Renegotiation can be initiated in two ways, and it's pretty simple. The client can start a renegotiation at any time after a handshake is completed by sending the server another ClientHello message, the same as when it started the first handshake. The server at any time after a handshake is completed can send the client a HelloRequest message, which--intuitively--asks the client to send a ClientHello message as soon as possible.

It's of interest that these renegotiation messages are already protected by the encryption currently being used. This fundamental point caused me the majority of my work in implementing the feature. Speaking of... let's start getting to that, huh?

Gotta keep [connection states] separated

My code originally made some pretty large, sweeping simplifying assumptions to get basic scenarios working more quickly. I actually kind of foresaw that these issues would crop up eventually, but kept putting it off dealing with them. Implementing renegotiation was that forcing function to make me deal with them properly.

Concretely, I'm talking about separate states for inbound and outbound traffic, or "read state" and "write state". The TLS connection is actually three-legged, so this state separation is pretty important. You can kind of limp by without dealing with it properly, but when it comes to renegotiation it becomes more important.

The three "legs" as you progress through the handshake towards an encrypted connection are (from the server's point of view):

  1. Both read (client-to-server) and write (server-to-client) state are unencrypted.
  2. Client has sent a ChangeCipherSpec message, so read state is encrypted, but write state is not.
  3. Server sends its ChangeCipherSpec message, and now both read and write states are encrypted. Connection is now in steady-state, ready for application data.

The crucial shortcoming in that list above is that I refer to things being unencrypted or encrypted, which is insufficient a description. What I actually mean is "encrypted using the previous connection state's parameters", but dang if that isn't way more syllables. Since the initial cipher suite is TLS_NULL_WITH_NULL_NULL (no key exchange, bulk cipher, or hash algorithm), it's easy to think of it as "unencrypted" vs. "encrypted", and gloss over some important details.

The RFC even talks about this state separation pretty explicitly:

Reception of [a ChangeCipherSpec] message causes the receiver to instruct the record layer to immediately copy the read pending state into the read current state.

In my early versions, I had this huge ConnectionParameters class, which contained all of the key material and so on. A primary piece of data that needed to be separated was the cipher suite. If we are renegotiating a new cipher suite to be used, then between legs 2 and 3, the client is sending with the new cipher suite, but the server is sending with the old one.

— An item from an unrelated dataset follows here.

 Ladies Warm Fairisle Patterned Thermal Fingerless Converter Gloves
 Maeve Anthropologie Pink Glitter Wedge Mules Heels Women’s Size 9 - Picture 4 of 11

To that end, I identified the pieces of data that needed to be split and put them in a separate EndpointParameters class. Here are the members it ended up having:

std::shared_ptr<Hasher> m_spHasher;
std::shared_ptr<SymmetricCipherer> m_spSymCipherer;
MT_ProtocolVersion::MTPV_Version m_eVersion;
MT_CipherSuite m_cipherSuite;
ByteVector m_vbKey;
ByteVector m_vbMACKey;
ByteVector m_vbIV;
MT_UINT64 m_seqNum;

Then at the key moment--when we get a ChangeCipherSpec, it's very easy for me to copy over the state for just that read or write direction.

else if (*record.ContentType()->Type() == MT_ContentType::MTCT_Type_ChangeCipherSpec)
{
    *CurrConn()->ReadParams() = *NextConn()->ReadParams();

    /*
    ** after copying the next endpoint state, which has not been touched,
    ** its sequence number should already be 0 without having to reset it
    */
    assert(*CurrConn()->ReadParams()->SequenceNumber() == 0);
}

The assert that I showed here is also pretty interesting. Previously I was manually setting the read sequence number to 0 when receiving this message, but now, as the comment says, I shouldn't have to.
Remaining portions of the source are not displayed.